=== About this exercise ===
With the pictures left out, retype exactly the lines below starting at the line that contains "Used 2022 Lincoln" and ending at the line that contains "Belle robe de".

=== Working data ===

------------------------------------------------------------

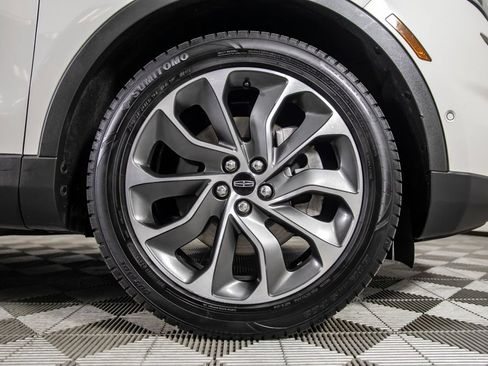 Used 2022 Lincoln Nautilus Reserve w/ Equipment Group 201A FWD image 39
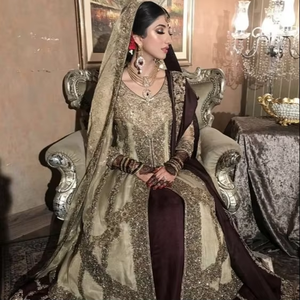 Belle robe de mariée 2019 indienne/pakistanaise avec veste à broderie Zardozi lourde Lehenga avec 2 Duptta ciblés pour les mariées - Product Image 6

------------------------------------------------------------

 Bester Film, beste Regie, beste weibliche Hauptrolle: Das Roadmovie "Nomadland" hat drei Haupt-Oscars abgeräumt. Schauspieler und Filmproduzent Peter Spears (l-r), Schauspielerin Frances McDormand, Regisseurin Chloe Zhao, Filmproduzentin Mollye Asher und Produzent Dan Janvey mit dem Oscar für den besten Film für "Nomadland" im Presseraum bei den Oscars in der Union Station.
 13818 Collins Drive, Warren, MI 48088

------------------------------------------------------------

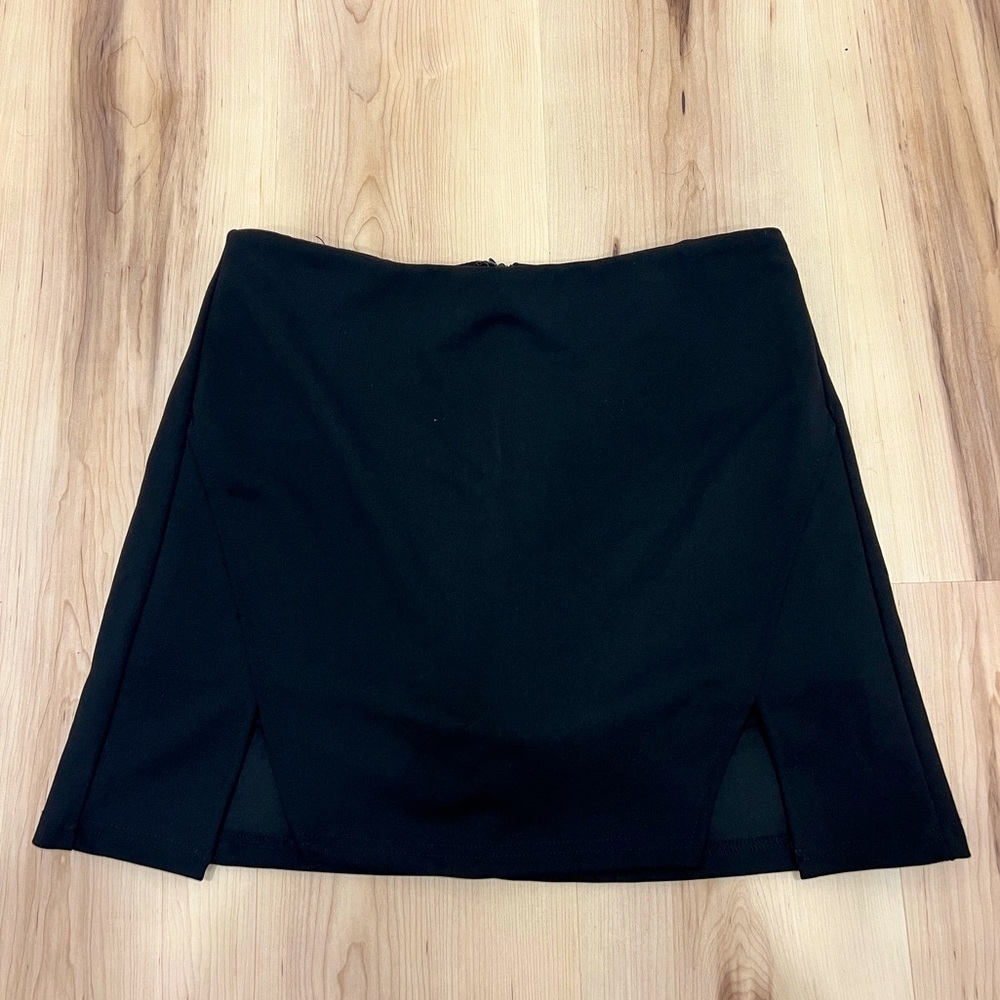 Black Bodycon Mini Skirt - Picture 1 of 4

------------------------------------------------------------

=== Completed task ===
 Used 2022 Lincoln Nautilus Reserve w/ Equipment Group 201A FWD image 39
 Belle robe de mariée 2019 indienne/pakistanaise avec veste à broderie Zardozi lourde Lehenga avec 2 Duptta ciblés pour les mariées - Product Image 6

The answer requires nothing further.